> **WHAT THE TASK ASKS**
Every line from the one containing "LEVOIT Smart Humidifiers" to the one containing "zapco DSP-IV Series" in the records below, both included, must be set down exactly, and no other line.

Content starts

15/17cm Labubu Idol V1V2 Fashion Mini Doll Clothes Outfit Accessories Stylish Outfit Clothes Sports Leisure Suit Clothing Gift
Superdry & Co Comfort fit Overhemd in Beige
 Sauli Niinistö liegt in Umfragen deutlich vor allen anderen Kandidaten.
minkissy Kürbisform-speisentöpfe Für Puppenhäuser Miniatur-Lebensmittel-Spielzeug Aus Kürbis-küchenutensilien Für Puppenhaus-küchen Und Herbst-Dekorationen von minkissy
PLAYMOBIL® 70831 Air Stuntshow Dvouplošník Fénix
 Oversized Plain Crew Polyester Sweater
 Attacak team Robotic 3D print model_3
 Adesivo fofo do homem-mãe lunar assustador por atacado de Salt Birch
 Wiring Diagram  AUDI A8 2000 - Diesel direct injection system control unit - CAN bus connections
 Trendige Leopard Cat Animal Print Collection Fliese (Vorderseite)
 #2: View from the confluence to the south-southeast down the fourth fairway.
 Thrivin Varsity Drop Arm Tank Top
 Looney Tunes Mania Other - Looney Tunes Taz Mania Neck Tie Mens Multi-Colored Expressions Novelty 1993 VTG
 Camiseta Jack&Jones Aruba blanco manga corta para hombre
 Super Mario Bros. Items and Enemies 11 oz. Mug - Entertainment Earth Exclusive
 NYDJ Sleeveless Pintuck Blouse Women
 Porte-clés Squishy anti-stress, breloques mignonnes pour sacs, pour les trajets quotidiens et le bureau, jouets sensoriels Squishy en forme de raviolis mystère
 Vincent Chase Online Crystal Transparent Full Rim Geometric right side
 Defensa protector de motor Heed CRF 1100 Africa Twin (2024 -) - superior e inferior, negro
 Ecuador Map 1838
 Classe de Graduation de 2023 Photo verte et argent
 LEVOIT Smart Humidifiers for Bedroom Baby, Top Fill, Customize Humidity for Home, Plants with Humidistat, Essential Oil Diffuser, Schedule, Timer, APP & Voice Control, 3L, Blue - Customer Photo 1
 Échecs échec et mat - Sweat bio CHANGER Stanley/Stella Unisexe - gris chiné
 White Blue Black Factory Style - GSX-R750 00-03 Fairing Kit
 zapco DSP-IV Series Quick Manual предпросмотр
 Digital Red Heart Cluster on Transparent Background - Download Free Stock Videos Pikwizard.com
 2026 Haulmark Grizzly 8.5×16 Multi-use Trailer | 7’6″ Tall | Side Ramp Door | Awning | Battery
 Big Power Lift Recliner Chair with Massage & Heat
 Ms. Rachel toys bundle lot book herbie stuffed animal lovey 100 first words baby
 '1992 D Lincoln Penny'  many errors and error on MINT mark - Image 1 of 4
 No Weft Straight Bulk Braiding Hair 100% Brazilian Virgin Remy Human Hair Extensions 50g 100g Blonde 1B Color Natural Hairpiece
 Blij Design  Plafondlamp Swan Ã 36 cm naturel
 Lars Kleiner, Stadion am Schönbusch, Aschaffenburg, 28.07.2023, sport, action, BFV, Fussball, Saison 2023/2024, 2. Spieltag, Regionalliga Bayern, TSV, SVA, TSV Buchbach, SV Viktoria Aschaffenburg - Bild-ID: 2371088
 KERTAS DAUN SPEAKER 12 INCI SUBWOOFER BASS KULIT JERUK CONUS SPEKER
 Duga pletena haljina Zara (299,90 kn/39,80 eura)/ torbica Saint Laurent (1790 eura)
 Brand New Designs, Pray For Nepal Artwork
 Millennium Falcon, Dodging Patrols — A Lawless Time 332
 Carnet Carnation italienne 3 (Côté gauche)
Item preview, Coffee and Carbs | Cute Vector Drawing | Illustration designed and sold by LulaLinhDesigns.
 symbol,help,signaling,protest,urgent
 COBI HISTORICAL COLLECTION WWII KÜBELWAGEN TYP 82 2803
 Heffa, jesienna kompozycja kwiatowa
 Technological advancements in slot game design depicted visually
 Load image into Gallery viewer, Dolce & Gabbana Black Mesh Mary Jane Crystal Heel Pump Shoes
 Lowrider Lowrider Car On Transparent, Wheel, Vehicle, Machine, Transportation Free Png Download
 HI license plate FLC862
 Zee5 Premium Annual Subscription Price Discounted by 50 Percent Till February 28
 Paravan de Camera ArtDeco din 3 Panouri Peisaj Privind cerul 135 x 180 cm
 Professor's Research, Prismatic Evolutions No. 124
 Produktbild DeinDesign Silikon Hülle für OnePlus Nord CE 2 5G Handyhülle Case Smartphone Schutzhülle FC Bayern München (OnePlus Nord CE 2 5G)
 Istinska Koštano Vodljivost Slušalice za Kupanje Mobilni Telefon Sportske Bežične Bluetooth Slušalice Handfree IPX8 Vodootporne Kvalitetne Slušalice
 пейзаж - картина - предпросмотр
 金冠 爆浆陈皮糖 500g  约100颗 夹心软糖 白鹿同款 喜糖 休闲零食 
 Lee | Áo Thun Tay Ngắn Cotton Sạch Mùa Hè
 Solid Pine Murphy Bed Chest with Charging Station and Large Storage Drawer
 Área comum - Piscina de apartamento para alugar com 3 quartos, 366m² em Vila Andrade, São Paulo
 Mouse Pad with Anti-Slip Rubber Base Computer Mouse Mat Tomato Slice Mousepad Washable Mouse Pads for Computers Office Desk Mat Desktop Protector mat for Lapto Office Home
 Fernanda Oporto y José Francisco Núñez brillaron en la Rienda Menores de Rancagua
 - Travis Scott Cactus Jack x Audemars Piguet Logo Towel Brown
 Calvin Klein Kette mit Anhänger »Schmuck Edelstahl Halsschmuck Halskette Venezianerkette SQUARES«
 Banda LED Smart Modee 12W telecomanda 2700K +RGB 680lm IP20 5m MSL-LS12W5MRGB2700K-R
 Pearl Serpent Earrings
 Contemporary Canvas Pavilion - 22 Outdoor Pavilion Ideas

Content ends

> **WRITTEN SOLUTION**
 LEVOIT Smart Humidifiers for Bedroom Baby, Top Fill, Customize Humidity for Home, Plants with Humidistat, Essential Oil Diffuser, Schedule, Timer, APP & Voice Control, 3L, Blue - Customer Photo 1
 Échecs échec et mat - Sweat bio CHANGER Stanley/Stella Unisexe - gris chiné
 White Blue Black Factory Style - GSX-R750 00-03 Fairing Kit
 zapco DSP-IV Series Quick Manual предпросмотр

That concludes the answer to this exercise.